=== Instructions for the task ===
Below are the records; give again exactly the lines from the one containing "THINKWORK 20V Car" through the one containing "Blue, Multicolored wallpaper", leaving out pictures.
[Raw data Boundary: Start]
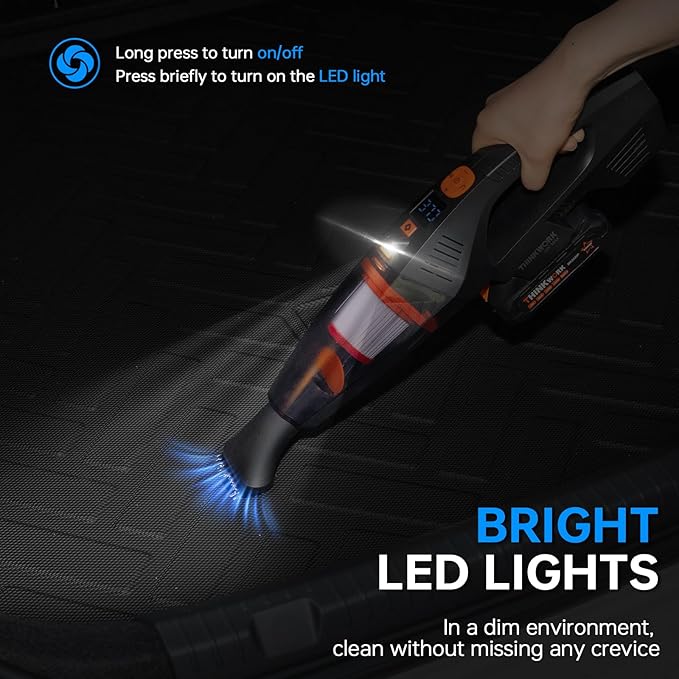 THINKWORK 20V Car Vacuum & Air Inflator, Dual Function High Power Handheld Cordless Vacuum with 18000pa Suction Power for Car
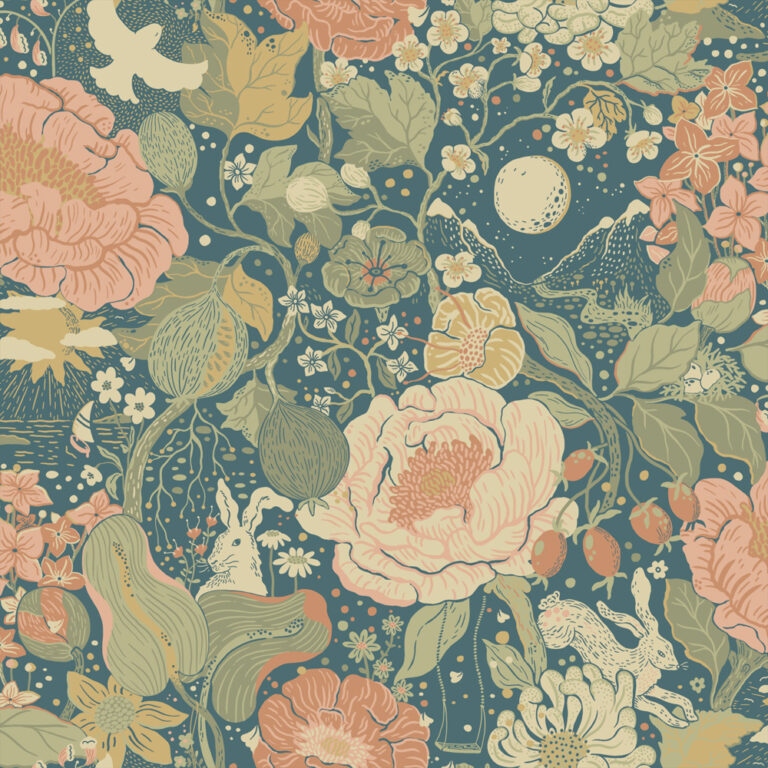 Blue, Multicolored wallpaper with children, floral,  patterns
[Raw data Boundary: End]
[Raw data Boundary: Start]
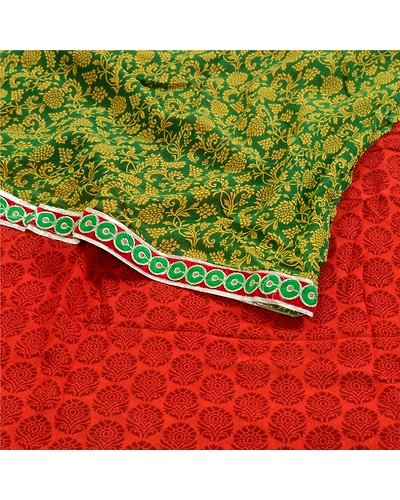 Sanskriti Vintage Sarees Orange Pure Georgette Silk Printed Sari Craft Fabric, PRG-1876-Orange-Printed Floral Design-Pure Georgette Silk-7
[Raw data Boundary: End]
=== Answer box ===
 THINKWORK 20V Car Vacuum & Air Inflator, Dual Function High Power Handheld Cordless Vacuum with 18000pa Suction Power for Car
 Blue, Multicolored wallpaper with children, floral,  patterns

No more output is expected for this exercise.